[youtube=https://www.youtube.com/watch?v=nLeQ49khp-U&noredirect=1&w=560&h=315]

 

Her name is Keisha Herbert. But they call her something else.

"He started calling me Mama Keisha and he was like is that okay? I was like sure, no problem," Herbert said. "The next weekend I had came out here and it had exploded. Everyone and their mama knew who I was."

Mama Keisha is the Elon area's first female Uber driver, but students say she's much more than that.

"She's funny. she's outgoing. But I think the thing I love about her most is she's really motherly," sophomore Davis Ann Balodeau said.

"She'll just give you life advice. You can have venting sessions with Mama Keisha."

Being a mother of one 24-year-old herself, Mama Keisha said she has used her motherly instincts in her time driving for Uber.

"They call me mama so I feel like I should get them home safely, just like their own mama would."

While Mama Keisha is a full-time overnight Uber driver, she jokes that she's a part-time confidant.

"I become a part of their lives.

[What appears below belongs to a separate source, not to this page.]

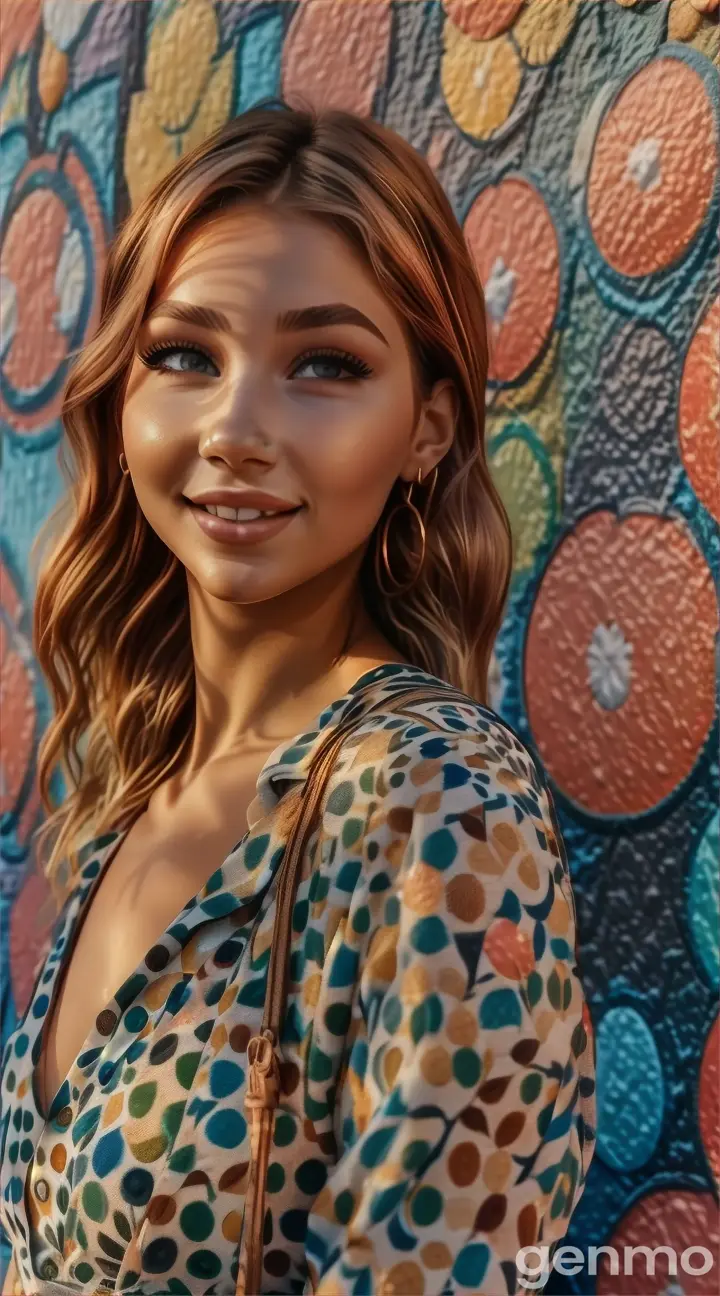 a woman standing in front of a colorful wall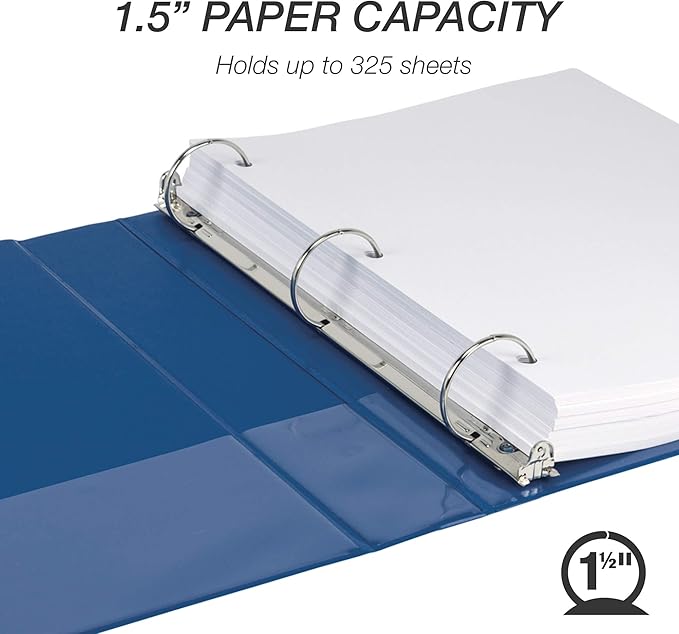 Samsill 4 Pack Durable 1.5 Inch 3 Ring Binders, Round Ring, Clear View Cover for Presentations, Blue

I can talk to them like a sister," Mama Keisha said. "They can talk to me about anything and it's not going to go any further than me."

But a local celebrity? Mama Keisha doesn't think so.

"I'm not legendary, okay? That's what they tell them. I'm legendary. I'm not legendary. It just so happens that most of the kids know me."

Mama Keisha says she turns down invitations to parties--because for her, every ride is a party.

"If we hear a song on the radio we like, let's sing wherever we going. Let's stop, make two or three stops and pick up folks and keep it moving."

It all goes back to taking care of the Elon students she considers one of her own.

"If they call me and tell me to pick them up that's what I do," Mama Keisha said. "They might not know where they're at, but the next day they'll be like, 'Mama got me home.' And yup. I got you home."